Director of Quality Assurance and Compliance
4 weeks ago
Summit Therapeutics is seeking a highly experienced Director of Quality Assurance and Compliance to lead our quality activities during clinical development and commercialization of drug candidates.
Key Responsibilities:- Develop and implement GMP quality systems, including quality policies and procedures, in accordance with ICH, FDA, EMA, and other global health authority regulations and industry standards.
- Provide sponsor oversight of Contract Manufacturing Organizations (CMOs) to support clinical and commercial manufacture.
- Ensure GXP compliance oversight for all vendors and CMOs, and provide on-site oversight of CMO operations as needed.
- Lead and ensure GMP inspection readiness activities for Summit and external CMOs.
- Establish internal QA batch review and release processes for batch disposition of drug products, as required and in compliance with applicable regulations.
- Supervise and guide internal audits of departments and processes.
- Review and develop new and enhanced policies to ensure compliance with regulations.

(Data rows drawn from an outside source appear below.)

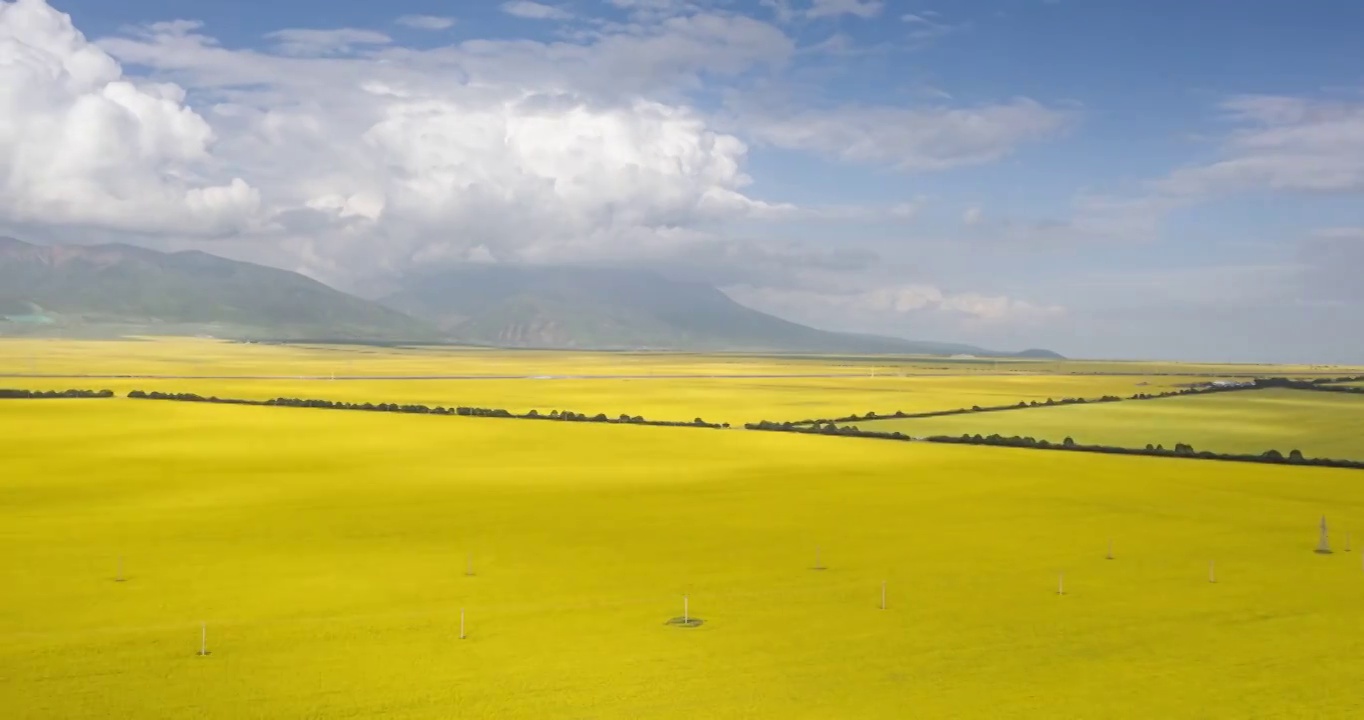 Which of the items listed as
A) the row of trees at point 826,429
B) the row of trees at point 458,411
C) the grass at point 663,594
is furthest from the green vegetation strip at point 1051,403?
the grass at point 663,594

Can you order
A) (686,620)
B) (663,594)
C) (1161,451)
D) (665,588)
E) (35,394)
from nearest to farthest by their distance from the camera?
(686,620) → (663,594) → (665,588) → (1161,451) → (35,394)

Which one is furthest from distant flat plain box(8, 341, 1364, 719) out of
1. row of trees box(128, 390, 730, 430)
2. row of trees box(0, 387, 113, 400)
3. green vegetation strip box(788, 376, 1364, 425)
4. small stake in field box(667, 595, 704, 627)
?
row of trees box(0, 387, 113, 400)

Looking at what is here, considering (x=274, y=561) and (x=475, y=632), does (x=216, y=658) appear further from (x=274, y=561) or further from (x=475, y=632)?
(x=274, y=561)

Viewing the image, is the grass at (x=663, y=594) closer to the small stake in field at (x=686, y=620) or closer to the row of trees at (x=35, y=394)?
the small stake in field at (x=686, y=620)

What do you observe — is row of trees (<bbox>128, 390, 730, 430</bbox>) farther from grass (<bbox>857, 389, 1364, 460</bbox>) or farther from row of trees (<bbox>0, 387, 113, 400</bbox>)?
grass (<bbox>857, 389, 1364, 460</bbox>)

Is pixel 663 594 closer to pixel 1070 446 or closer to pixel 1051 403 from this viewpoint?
pixel 1070 446

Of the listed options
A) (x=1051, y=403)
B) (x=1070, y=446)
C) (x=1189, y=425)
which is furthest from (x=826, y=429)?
(x=1051, y=403) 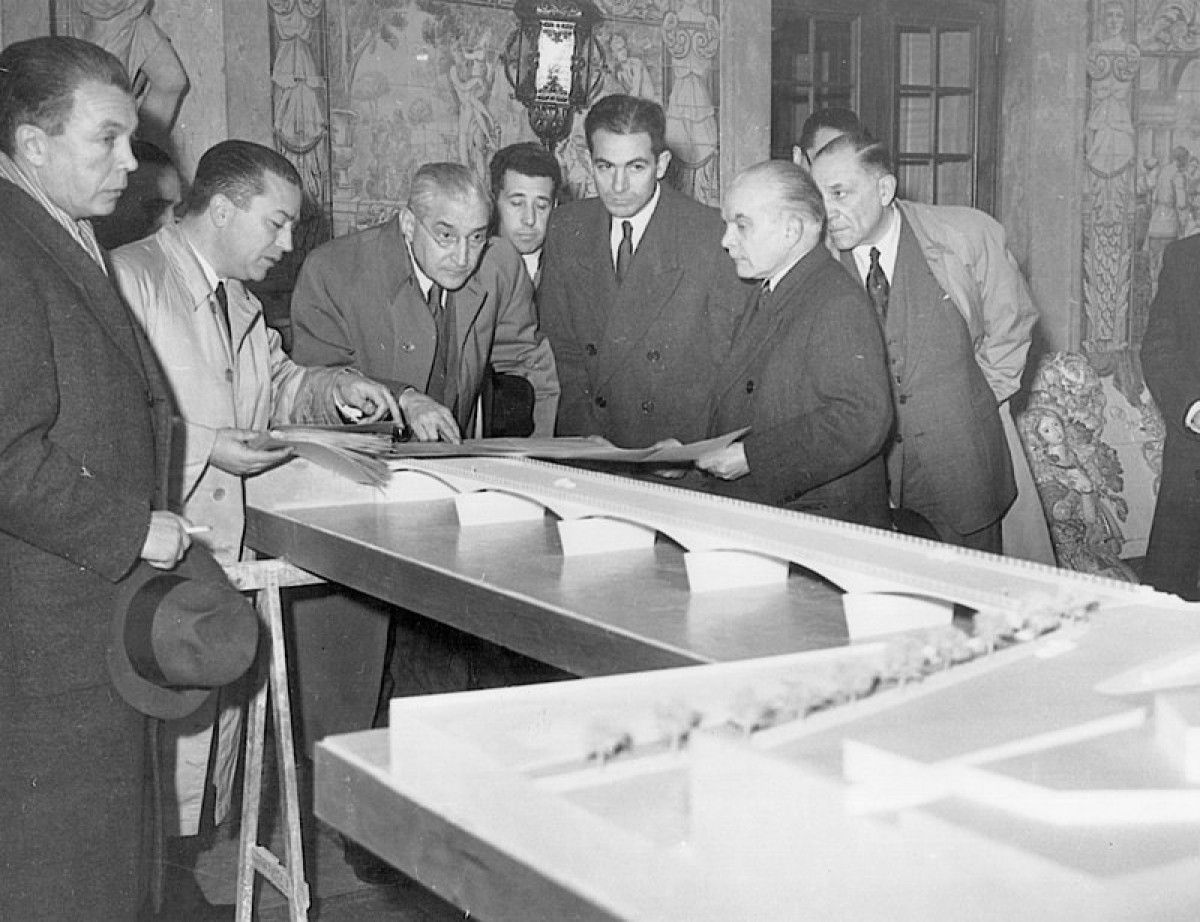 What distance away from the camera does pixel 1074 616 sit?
148cm

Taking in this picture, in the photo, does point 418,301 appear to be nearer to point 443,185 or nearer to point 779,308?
point 443,185

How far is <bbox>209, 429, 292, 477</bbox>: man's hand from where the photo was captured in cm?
272

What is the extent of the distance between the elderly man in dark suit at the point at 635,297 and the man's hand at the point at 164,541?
2.34m

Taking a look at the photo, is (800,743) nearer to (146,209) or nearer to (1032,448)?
(146,209)

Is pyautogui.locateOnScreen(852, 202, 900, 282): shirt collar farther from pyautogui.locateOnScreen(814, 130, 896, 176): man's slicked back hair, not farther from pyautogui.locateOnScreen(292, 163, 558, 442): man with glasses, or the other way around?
pyautogui.locateOnScreen(292, 163, 558, 442): man with glasses

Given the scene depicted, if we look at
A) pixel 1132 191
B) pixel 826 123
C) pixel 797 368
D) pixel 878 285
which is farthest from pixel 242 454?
pixel 1132 191

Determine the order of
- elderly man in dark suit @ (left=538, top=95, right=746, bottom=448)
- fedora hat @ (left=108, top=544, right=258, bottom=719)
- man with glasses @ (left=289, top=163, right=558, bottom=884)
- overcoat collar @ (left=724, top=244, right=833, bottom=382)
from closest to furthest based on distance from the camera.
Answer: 1. fedora hat @ (left=108, top=544, right=258, bottom=719)
2. overcoat collar @ (left=724, top=244, right=833, bottom=382)
3. man with glasses @ (left=289, top=163, right=558, bottom=884)
4. elderly man in dark suit @ (left=538, top=95, right=746, bottom=448)

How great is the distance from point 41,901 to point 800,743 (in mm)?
1512

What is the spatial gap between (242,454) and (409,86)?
316 centimetres

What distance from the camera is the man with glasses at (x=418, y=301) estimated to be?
3699mm

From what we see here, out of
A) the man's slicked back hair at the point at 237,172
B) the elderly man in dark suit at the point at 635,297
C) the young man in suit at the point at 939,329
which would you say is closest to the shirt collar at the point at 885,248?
the young man in suit at the point at 939,329

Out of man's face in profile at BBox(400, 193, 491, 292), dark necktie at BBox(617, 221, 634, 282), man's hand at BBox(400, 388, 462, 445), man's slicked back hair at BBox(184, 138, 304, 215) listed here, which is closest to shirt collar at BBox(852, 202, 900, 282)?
dark necktie at BBox(617, 221, 634, 282)

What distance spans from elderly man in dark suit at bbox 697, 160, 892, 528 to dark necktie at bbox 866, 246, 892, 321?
1.16m

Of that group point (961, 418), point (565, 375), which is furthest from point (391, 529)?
point (961, 418) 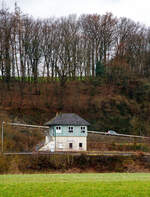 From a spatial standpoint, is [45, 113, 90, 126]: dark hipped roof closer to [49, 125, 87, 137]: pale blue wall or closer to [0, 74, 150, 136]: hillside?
[49, 125, 87, 137]: pale blue wall

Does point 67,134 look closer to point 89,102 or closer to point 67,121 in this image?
point 67,121

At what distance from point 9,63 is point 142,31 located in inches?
1215

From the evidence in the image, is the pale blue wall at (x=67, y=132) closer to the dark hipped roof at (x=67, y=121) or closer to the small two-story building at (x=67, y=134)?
the small two-story building at (x=67, y=134)

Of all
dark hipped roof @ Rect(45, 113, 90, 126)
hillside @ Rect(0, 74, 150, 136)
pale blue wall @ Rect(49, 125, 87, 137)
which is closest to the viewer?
pale blue wall @ Rect(49, 125, 87, 137)

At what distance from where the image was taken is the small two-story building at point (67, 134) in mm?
54344

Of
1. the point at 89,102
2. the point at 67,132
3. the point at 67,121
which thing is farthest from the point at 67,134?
the point at 89,102

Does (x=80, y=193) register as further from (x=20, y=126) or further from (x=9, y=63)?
(x=9, y=63)

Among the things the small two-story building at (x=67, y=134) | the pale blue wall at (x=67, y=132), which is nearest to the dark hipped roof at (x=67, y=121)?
the small two-story building at (x=67, y=134)

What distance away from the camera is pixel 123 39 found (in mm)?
81875

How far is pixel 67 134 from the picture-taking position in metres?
55.7

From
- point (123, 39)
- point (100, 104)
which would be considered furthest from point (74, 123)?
point (123, 39)

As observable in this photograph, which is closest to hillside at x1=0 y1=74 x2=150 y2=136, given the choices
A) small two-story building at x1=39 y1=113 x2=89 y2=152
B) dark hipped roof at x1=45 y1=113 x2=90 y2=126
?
dark hipped roof at x1=45 y1=113 x2=90 y2=126

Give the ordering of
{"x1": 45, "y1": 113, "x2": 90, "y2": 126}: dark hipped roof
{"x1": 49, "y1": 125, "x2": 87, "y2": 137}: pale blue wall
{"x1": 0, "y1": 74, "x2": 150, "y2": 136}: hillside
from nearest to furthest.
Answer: {"x1": 49, "y1": 125, "x2": 87, "y2": 137}: pale blue wall → {"x1": 45, "y1": 113, "x2": 90, "y2": 126}: dark hipped roof → {"x1": 0, "y1": 74, "x2": 150, "y2": 136}: hillside

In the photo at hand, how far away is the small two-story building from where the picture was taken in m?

- Write, revise, review, and/or approve SOPs and controlled documents to ensure compliance with all applicable regulations.
- Drive cross-functional collaboration and alignment with other departments and stakeholders to achieve quality and compliance objectives.
- Develop a robust quality system and foster best practices across the organization.
- Ensure issues are identified and managed through to resolution in a timely manner and deliverables are met.
- Establish and maintain performance metrics.
- Bachelor's degree in chemistry, biochemistry, biotechnology, or other related life sciences discipline. Higher degree preferred.
- Minimum of 10+ years of relevant experience.
- Strong expertise and experience with GMP manufacturing requirements for clinical and commercial biologics.
- Demonstrated ability working with and managing CMOs.
- Experience in designing and implementing quality systems and risk management tools.
- Experience leading/hosting US and international health authority inspections.
- Experience managing complex business relationships with QPs.
- Excellent communication skills, both oral and written.
- Fluency in Mandarin is highly preferred.
- Ability to work in a fast-paced environment and efficiently manage QA projects and timelines.
- Experience in working independently on multiple programs in a fast-paced environment and able to balance changing priorities.
- Attention to detail, accuracy, and thoroughness expected in all aspects of work.
- Self-motivated with a strong sense of work ethic.
- Excellent interpersonal skills and collaborative.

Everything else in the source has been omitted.